Except, with nearly a quarter of the season now officially in the record books, a little revisionism of indispensability is in order.

Almost no one would have mentioned the name of Jason Kidd in the same vein as those other players. After all, Kidd is nearing the age of 40, when most NBA point guards have already been retired for five or more years. And clearly, the 17-year NBA veteran had been in a statistical decline for several years running.

But, here we are, fully ensconced into the 2012-13 season and the New York Knicks are currently one of the elite teams of the sport. Their 15-5 record is the best in the Eastern Conference, a full game ahead of the defending champion Miami Heat, but what’s become obvious to all who follow the team and quite frankly, the players who play on the team, is that the one player who has had the greatest impact on the team’s play on the court and in the locker room is the 39-year old Kidd.

With one magical swoop of Knicks General Manager, Glen Grunwald’s pen, the signing of the surefire Hall of Famer has altered the culture and the chemistry of this team while turning the atmosphere at MSG from me-first to team-first.

Tonight, the Denver Nuggets came into Madison Square Garden with a confident bunch of young players and a savvy coach in George Karl who sees something good brewing for the team from the Mile High city, who had won two of its last three games.

Instead, the Two Indispensables, Kidd and Anthony, did what they needed to do for the Knicks to win the game.

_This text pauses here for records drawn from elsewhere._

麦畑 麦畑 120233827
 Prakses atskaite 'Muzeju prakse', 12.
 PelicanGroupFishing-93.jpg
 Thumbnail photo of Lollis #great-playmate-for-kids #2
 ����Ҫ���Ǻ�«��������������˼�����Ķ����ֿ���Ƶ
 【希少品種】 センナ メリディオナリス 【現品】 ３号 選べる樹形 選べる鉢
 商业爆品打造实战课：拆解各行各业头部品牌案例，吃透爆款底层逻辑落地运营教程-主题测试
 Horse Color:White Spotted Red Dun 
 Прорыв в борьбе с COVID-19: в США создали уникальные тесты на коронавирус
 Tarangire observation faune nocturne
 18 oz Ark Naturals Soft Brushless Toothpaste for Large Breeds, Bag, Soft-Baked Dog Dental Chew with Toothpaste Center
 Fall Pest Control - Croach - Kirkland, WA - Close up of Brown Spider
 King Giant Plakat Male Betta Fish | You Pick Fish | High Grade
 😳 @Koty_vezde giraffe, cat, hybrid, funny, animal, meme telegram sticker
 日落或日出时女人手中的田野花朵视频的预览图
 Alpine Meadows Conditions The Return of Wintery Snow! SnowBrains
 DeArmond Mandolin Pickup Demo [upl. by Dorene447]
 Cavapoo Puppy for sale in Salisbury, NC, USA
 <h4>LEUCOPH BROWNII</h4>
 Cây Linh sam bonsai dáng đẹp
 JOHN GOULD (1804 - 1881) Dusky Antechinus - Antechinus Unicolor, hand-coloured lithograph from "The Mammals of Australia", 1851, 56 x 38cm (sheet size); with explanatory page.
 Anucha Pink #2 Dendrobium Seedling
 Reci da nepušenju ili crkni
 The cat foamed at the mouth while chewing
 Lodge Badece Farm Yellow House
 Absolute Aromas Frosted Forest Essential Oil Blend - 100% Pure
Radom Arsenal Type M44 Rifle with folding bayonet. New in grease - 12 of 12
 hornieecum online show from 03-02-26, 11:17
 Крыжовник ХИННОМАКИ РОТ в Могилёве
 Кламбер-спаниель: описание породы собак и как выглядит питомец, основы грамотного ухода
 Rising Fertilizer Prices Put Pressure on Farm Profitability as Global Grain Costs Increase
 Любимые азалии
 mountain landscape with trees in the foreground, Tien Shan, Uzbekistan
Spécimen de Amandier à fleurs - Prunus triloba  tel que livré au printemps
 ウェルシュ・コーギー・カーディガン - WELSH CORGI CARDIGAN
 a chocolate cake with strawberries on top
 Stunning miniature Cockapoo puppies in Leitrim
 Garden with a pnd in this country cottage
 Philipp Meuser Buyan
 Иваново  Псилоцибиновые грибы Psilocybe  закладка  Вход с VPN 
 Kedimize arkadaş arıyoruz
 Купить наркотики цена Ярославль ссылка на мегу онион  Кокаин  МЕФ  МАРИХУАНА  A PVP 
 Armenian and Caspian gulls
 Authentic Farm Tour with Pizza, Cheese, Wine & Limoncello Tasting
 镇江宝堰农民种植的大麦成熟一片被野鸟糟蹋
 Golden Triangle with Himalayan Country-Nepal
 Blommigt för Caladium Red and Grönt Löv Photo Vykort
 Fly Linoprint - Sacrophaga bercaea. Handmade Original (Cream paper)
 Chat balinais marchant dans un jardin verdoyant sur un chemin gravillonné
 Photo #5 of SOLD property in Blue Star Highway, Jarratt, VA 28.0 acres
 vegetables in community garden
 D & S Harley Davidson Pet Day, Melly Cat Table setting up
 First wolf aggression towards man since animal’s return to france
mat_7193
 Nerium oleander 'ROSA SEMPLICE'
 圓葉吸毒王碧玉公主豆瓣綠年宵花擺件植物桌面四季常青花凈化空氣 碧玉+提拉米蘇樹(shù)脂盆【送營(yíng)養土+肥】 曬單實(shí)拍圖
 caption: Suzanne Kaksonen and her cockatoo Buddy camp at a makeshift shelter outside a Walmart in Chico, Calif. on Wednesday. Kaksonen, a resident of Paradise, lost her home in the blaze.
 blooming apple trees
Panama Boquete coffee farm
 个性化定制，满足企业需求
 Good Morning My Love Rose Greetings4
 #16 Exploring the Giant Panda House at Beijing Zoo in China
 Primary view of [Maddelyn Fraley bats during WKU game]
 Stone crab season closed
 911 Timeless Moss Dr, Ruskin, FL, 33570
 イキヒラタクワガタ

Kidd finished with seven assists to go with 17 points, plus four rebounds and a steal, in 34 minutes of work. Anthony led the way with 34 points on 10-for-24 shooting, six rebounds and two steals in his first game back after being lost to a lacerated left middle finger during last Wednesday’s win over the Bobcats.

But Kidd’s influence continues to be felt on both ends of the floor — not only in terms of cliched and often difficult-to-pin-down “veteran leadership,” but in actual on-court production.

Case in point: After the game, Kidd joked that he’s not sure why everyone’s biting on his pump fake, since the scouting report on him for most of his NBA career has been that he can’t shoot. But if any advance reports on Kidd still include that line one-quarter of the way through this season, they’re pretty out of date — the 39-year-old has been stroking it at a 48.2 percent clip this season, including a sterling 50.8 percent mark from beyond the 3-point arc, both of which would be his career bests. That kind of success begets defenders eager to contest the jumper, which will occasionally result in an unwelcome bonk, but much more often leads to a compromised defensive unit scrambling to cover four-on-five against a Knicks offense that has been the league’s second-most potent through 20 games, trailing only the Oklahoma City Thunder in points scored per 100 possessions, according to NBA.com’s stat tool.

I’m willing to bet the surefire first-ballot Hall of Famer point guard is pretty OK with taking the occasional bump on the noggin to ratchet up the chance of grabbing an easy two or, even better, swinging the ball to an open man in the short corner for an easy three.

Anthony, the former Nugget traded to the Knicks during the 2010-11 season, insisted he held no grudge against the Nuggets. He just didn’t want his old team — or anyone else — walking into his current home and leaving with a victory. Back in the starting lineup after missing two games with a cut on the middle finger of his left hand that required stitches, Anthony twice made baskets in the final 2:08 after Denver had pulled within four points.

“I don’t have no hard feelings toward Denver. It was just one of them games that no matter how many runs we went on, they just wasn’t going anywhere,” Anthony said. “It was just a matter of us and me not wanting to lose on our home court, protecting our home court. That’s something that we always said and we believed in. So there came a point in time in that fourth quarter where it was called upon me to step up.”

It’s the Knicks’ best start at home since beginning 9-0 in 1992-93.

“I’ve said that I feel Melo’s going to win a championship someday,” Karl said before the game. “He’s going to figure out that scoreboard numbers and stat sheets aren’t important. It’s the team scoreboard and intangibles of the game that make winners champions.” The Knicks gave up more than they wanted to in order to get Anthony, and the Nuggets had better balance and more success afterward. Now the Knicks seem to have found the system and personnel that fit best around Anthony, and Karl said the trade was a win-win. “They wanted to get back to the top of the mountain and they took a chance on going out and getting one of the top 10 players in basketball. It didn’t work for a while but it looks like it’s working now,” Karl said.

Karl might be right about it starting to work now for the Knicks and for Anthony. But, it probably is working better with the Two Indispensables working in tandem.